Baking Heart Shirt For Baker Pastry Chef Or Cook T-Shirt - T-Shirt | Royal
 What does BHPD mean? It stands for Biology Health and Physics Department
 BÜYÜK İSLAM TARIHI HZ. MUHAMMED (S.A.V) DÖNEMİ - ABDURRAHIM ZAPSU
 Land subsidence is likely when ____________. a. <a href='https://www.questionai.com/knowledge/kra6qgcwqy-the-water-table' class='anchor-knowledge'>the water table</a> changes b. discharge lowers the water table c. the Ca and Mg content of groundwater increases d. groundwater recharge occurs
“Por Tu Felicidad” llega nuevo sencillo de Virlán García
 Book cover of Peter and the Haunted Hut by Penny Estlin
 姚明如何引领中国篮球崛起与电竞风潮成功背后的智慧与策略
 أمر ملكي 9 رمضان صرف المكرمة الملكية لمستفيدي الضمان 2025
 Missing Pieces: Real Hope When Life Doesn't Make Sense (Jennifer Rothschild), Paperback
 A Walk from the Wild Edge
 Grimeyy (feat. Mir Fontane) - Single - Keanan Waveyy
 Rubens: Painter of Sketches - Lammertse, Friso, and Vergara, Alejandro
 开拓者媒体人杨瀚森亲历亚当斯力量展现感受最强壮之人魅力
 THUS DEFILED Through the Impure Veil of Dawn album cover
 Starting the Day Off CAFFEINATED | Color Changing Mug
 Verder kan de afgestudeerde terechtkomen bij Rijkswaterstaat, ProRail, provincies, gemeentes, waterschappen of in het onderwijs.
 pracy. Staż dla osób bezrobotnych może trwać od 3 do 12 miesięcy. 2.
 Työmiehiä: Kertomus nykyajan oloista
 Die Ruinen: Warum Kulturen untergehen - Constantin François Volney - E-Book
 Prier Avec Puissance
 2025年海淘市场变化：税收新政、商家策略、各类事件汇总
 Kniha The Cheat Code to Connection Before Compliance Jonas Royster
━━━━
Task item – Set down the lines from the one with "BÜYÜK İSLAM TARIHI" through the end of the data above. Keep each exactly as written and add no other line.

Answer space –
 BÜYÜK İSLAM TARIHI HZ. MUHAMMED (S.A.V) DÖNEMİ - ABDURRAHIM ZAPSU
 Land subsidence is likely when ____________. a. <a href='https://www.questionai.com/knowledge/kra6qgcwqy-the-water-table' class='anchor-knowledge'>the water table</a> changes b. discharge lowers the water table c. the Ca and Mg content of groundwater increases d. groundwater recharge occurs
“Por Tu Felicidad” llega nuevo sencillo de Virlán García
 Book cover of Peter and the Haunted Hut by Penny Estlin
 姚明如何引领中国篮球崛起与电竞风潮成功背后的智慧与策略
 أمر ملكي 9 رمضان صرف المكرمة الملكية لمستفيدي الضمان 2025
 Missing Pieces: Real Hope When Life Doesn't Make Sense (Jennifer Rothschild), Paperback
 A Walk from the Wild Edge
 Grimeyy (feat. Mir Fontane) - Single - Keanan Waveyy
 Rubens: Painter of Sketches - Lammertse, Friso, and Vergara, Alejandro
 开拓者媒体人杨瀚森亲历亚当斯力量展现感受最强壮之人魅力
 THUS DEFILED Through the Impure Veil of Dawn album cover
 Starting the Day Off CAFFEINATED | Color Changing Mug
 Verder kan de afgestudeerde terechtkomen bij Rijkswaterstaat, ProRail, provincies, gemeentes, waterschappen of in het onderwijs.
 pracy. Staż dla osób bezrobotnych może trwać od 3 do 12 miesięcy. 2.
 Työmiehiä: Kertomus nykyajan oloista
 Die Ruinen: Warum Kulturen untergehen - Constantin François Volney - E-Book
 Prier Avec Puissance
 2025年海淘市场变化：税收新政、商家策略、各类事件汇总
 Kniha The Cheat Code to Connection Before Compliance Jonas Royster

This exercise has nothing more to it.